### Task to carry out:
Reproduce, with no edits, the line that contains "Caroldoly webcam" and all the lines that follow it, ending with the last line of the records.

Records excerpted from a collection
_____

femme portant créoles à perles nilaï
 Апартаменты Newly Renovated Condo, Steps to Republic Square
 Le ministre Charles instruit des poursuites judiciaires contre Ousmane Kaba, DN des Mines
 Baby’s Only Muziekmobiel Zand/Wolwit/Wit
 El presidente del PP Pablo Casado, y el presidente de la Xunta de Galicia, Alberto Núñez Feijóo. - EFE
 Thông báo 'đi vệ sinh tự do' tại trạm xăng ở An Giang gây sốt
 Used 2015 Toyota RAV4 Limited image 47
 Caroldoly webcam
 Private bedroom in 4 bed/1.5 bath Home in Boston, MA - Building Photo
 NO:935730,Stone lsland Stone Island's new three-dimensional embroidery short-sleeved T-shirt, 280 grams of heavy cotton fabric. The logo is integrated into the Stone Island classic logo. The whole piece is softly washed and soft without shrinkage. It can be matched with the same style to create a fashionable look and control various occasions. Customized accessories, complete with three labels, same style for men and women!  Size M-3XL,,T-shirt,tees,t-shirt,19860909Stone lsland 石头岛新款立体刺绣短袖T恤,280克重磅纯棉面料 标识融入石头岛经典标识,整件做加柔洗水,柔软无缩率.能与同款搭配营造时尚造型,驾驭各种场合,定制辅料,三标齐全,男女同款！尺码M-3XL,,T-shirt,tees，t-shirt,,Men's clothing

_____

### Response to this exercise:
 Caroldoly webcam
 Private bedroom in 4 bed/1.5 bath Home in Boston, MA - Building Photo
 NO:935730,Stone lsland Stone Island's new three-dimensional embroidery short-sleeved T-shirt, 280 grams of heavy cotton fabric. The logo is integrated into the Stone Island classic logo. The whole piece is softly washed and soft without shrinkage. It can be matched with the same style to create a fashionable look and control various occasions. Customized accessories, complete with three labels, same style for men and women!  Size M-3XL,,T-shirt,tees,t-shirt,19860909Stone lsland 石头岛新款立体刺绣短袖T恤,280克重磅纯棉面料 标识融入石头岛经典标识,整件做加柔洗水,柔软无缩率.能与同款搭配营造时尚造型,驾驭各种场合,定制辅料,三标齐全,男女同款！尺码M-3XL,,T-shirt,tees，t-shirt,,Men's clothing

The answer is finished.